NELLIS AIR FORCE BASE, Nev.— The 823rd Maintenance Squadron here recently performed a repair and complete rebuild of an HH-60G Pave Hawk helicopter fuel probe May 10 – a first for an Air Force helicopter maintenance squadron.
Nearly half of Nellis' HH-60G Pave Hawks were rendered non-mission capable yet flyable due to unusable helicopter air-to-air refueling probes. The faults varied between excessive probe oscillation and fuel internally leaking both preventing safe air-to-air refueling operations.
On average, a replacement probe took approximately 150 days to arrive for replacement impacting both aircraft availability and mission capable rates. Unfortunately, the readiness of the HH-60 fleet world-wide suffered.
The System Program Office and Weapon System Team successfully managed the distribution of the few mission capable probes produced by the repair cycle attempting to maintain a minimum combat capability.
The men and women of the 823d MXS took it upon themselves to explore an organic repair capability.
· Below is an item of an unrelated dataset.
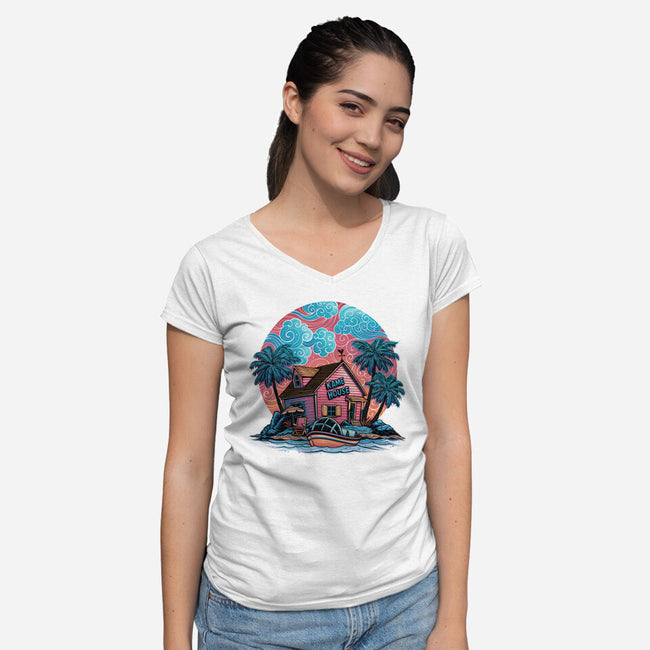 Island Life-Womens-V-Neck-Tee-glitchygorilla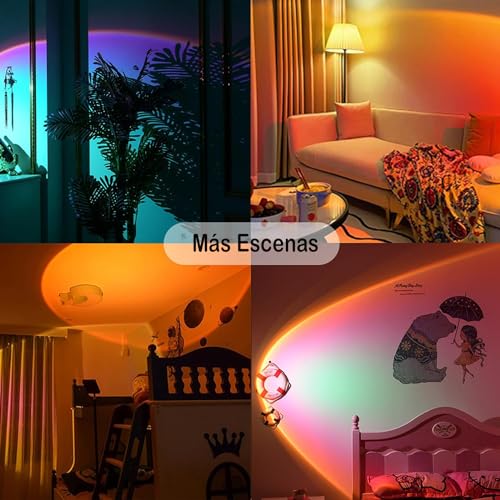 Miortior Lampara Sunset, Lampara Atardecer de Proyección de 16 Colores, 4 Modos, Rotación de 180° y Control Remoto, Luz de la Atmósfera del Sunset para Selfies, Fotografía, Decoración, Dormitorio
They addressed this problem when more than half of the fleet was not operational because of damaged fuel probes; the Airmen took the initiative to find a solution.
“The fuels shop got approval to pull the probe apart,” said Maj. Jordan Smyth, 823rd MXS operations officer. “This has always been depot level maintenance and that we weren’t allowed to do.”
Working with the SPO Engineers and the WST, the team identified depot level technical data for repacking the refueling probe seals and believed it was well within their capability to perform.
The WST team engaged SPO engineers encouraging the effort resulting in interim field level technical data procedures to complete the task.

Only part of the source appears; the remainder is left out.